Later in the afternoon, I stopped by a local tulip field and spent some time in those muddy rows.  You can borrow one of the provided knives and cut your own tulips, then drop 0,45€ per flower into the lockbox on the honor system.  I love having fresh tulips around the house!

On this particular day, though--April 26--I only cut one white tulip because I had one more stop to make before heading home.  It was that day that marked a year since Rich and I found out we were expecting, and so I paid a visit to the Sudfriedhof where our little one is laid to rest.

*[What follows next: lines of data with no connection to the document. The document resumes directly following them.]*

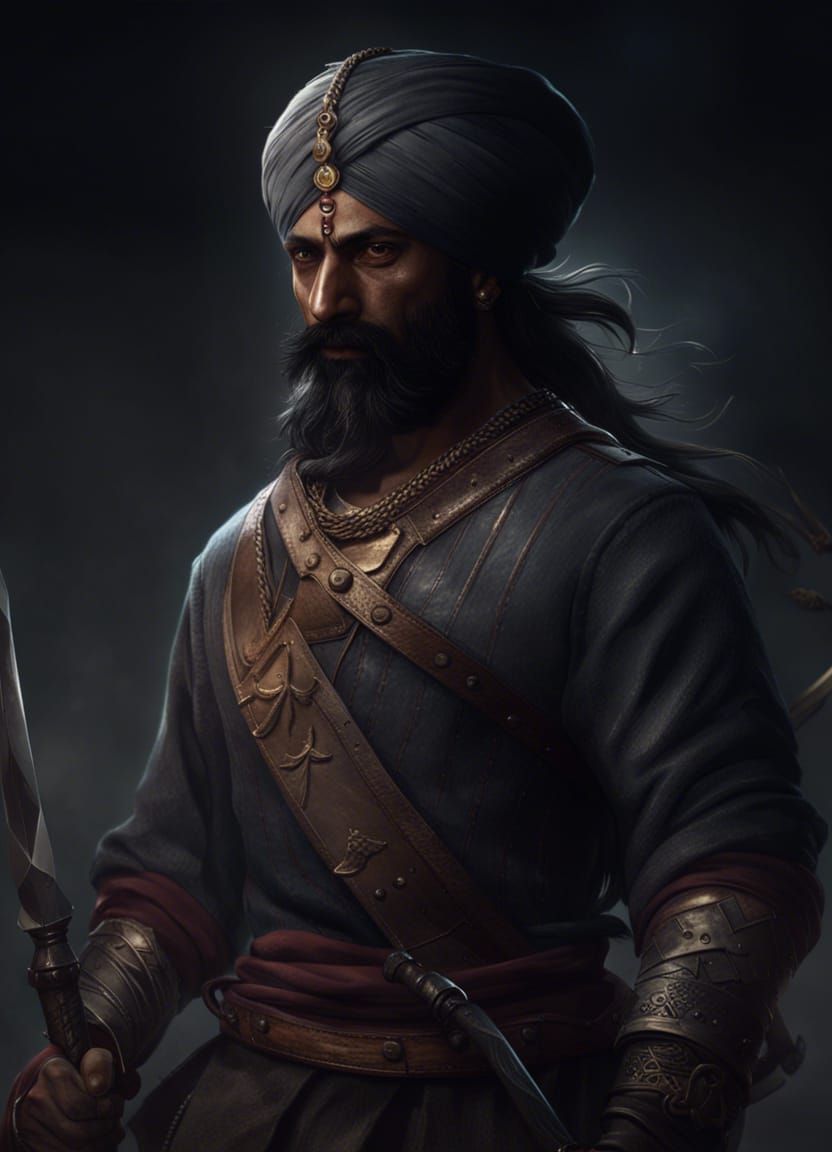 Sikh Warrior Portrait in Bloodborne Style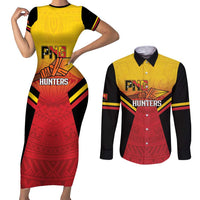 Papua New Guinea Rugby Custom Couples Matching Short Sleeve Bodycon Dress and Long Sleeve Button Shirt Go PNG Hunters Polynesian Pattern LT14 Red - Polynesian Pride
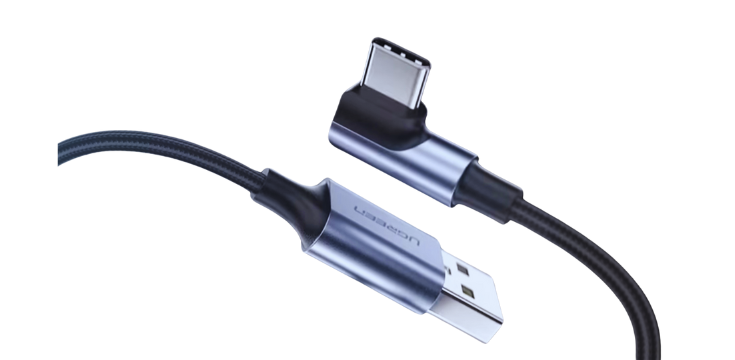 6FT 90 Degree Angle Type C USB-A Fast Charger Cable - Quick Charging Cord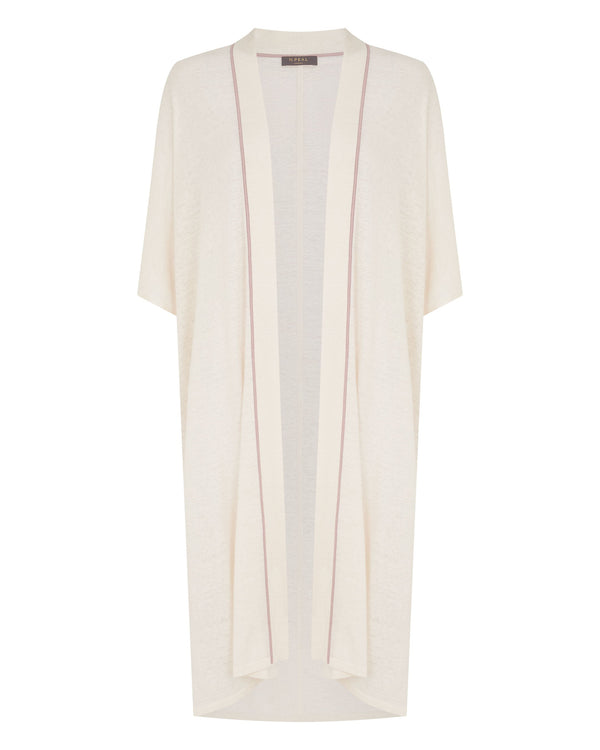 N.Peal Women's Linen Blend Kaftan New Ivory White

To be honest, I was wary about going to the cemetery alone.  But this visit was different than all the ones before.  As I sat talking to our baby while the sunbeams moved lower through the trees, I was filled with peace and calm.  I know I will always grieve this child, but I'm beginning to feel myself healing.  I grabbed my camera and hung out a while longer in the Sternengarten...

Such a beautiful world we live in.

I hope you've enjoyed these photos!  Thank you for reading and spending a little time with us today.  I promise not to let so much time pass before we meet again!